The hunt is on for skilled labour to fuel a tourism recovery whose pace has surprised many. In an exclusive interview with LetsTravelCaribbean.com Tourism Minister Ed Bartlett revealed that the sector will need to hire 50,000 workers within the next three months.
“We have to start recruiting from now, so we can train them and get them in time for the winter season in October, November. The issue is whether or not the skill sets required will be there in line with the number of people who are available for work,” said the tourism minister.
He also spoke about the sooner-than-expected return of cruise shipping (the first vessel arrives within a few weeks), the possibility that the tourism industry will poach workers from the BPO sector as it makes a more aggressive push into digital marketing, plans to engage the 1.24 billion Chinese using the WeChat platform, and his confidence in the resilience of the tourism sector despite the black cloud of a pandemic. Read on for details of the interview done the same day Bartlett and the rest of the Cabinet huddled to craft new measures in reaction to a spike in COVID-19 cases.
LetsTravelCaribbean.com: There’s a spike in cases, what does this mean for the recent uptick seen in the tourism industry?
Bartlett: Tourism is still back, it’s strong, we’re doing very well. We have to also be mindful that we’re still in a pandemic and our comportment with the protocols has to continue as vigorously as before.
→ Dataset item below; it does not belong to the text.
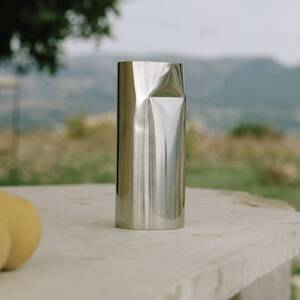 New Works karafa Pleat, 0,9 l, nerezová oceľ, zrkadlová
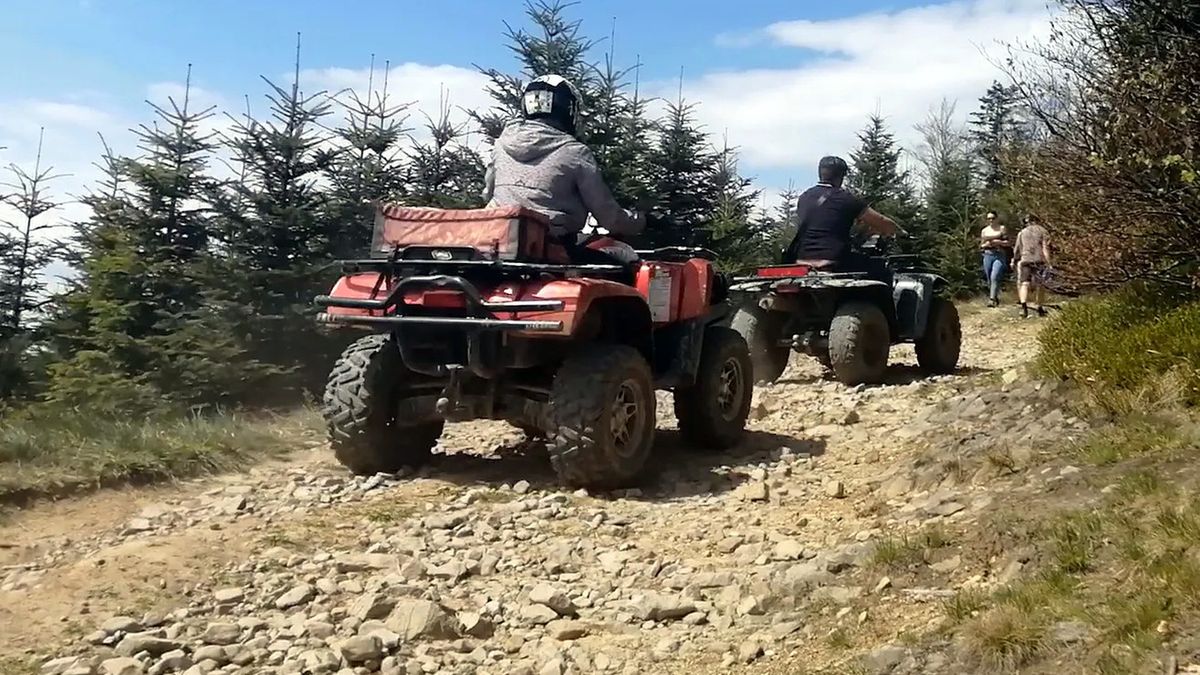 Tym quadowcom pieszy szlak w Beskidzie Sądeckim wydał się doskonałym miejscem do jazdy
We have to ensure that all the safety standards are met. If indeed there are any global disruptions, or if the spread of the virus as it mutates affects us in Jamaica or our source markets, then of course we will have to pivot and be able to respond. However… the industry is well set for full recovery by 2022/23.
LetsTravelCaribbean.com: The last timeline given for cruise ships to return was October. Are we still on track?
Bartlett: We’re expected to get cruise back in August. We finished [crafting] the [safety] protocols. One cruiseliner will make about 16 calls between August and October, with up to 4,000 passengers each call. That would be 64,000 just from that one line. And then of course the winter kicks in and that’s when you have good numbers. Quite a few of them are going to be calling so you could be getting 200,000 to 300,000 cruise visitors by the end of the year. So that’s how [we would reach the projected] 1.7 [million cruise and stopover visitors expected for 2021]. Some of the cruises that will come are Royal Caribbean, MSC Cruises and Disney Cruise Line.
LetsTravelCaribbean.com: There was a recent report in the Jamaica Observer that tourism has been losing staff to the business process outsourcing (BPO) sector. Are you nervous yet?
Bartlett: Not at all. We have the responsibility to train and that’s what we have to do. We have to build up the human capital that the industry requires. We are pushing for more training and certification. Because what is happening is that many of the workers who were furloughed or otherwise disconnected from the industry have had to pivot into other areas. And even though 50,000 have returned to their jobs already, we had 175,000 [employed before the pandemic]. So you still have a gap there to fill. We are running short now because the rate of recovery is fast outpacing the supply side. I would say that we need to find, overall, about 50,000 workers for the industry. We’ll certainly need them in time for the winter season. That’s October, November. So we have to start recruiting from now, so we can train them and get them in time for the winter season. The labour force is expanding, with the college system turning out workers, [so] there is going to be a supply adequacy. The issue, on the other hand, is whether or not the skill sets that you require will be there in line with the number of people who are available for work.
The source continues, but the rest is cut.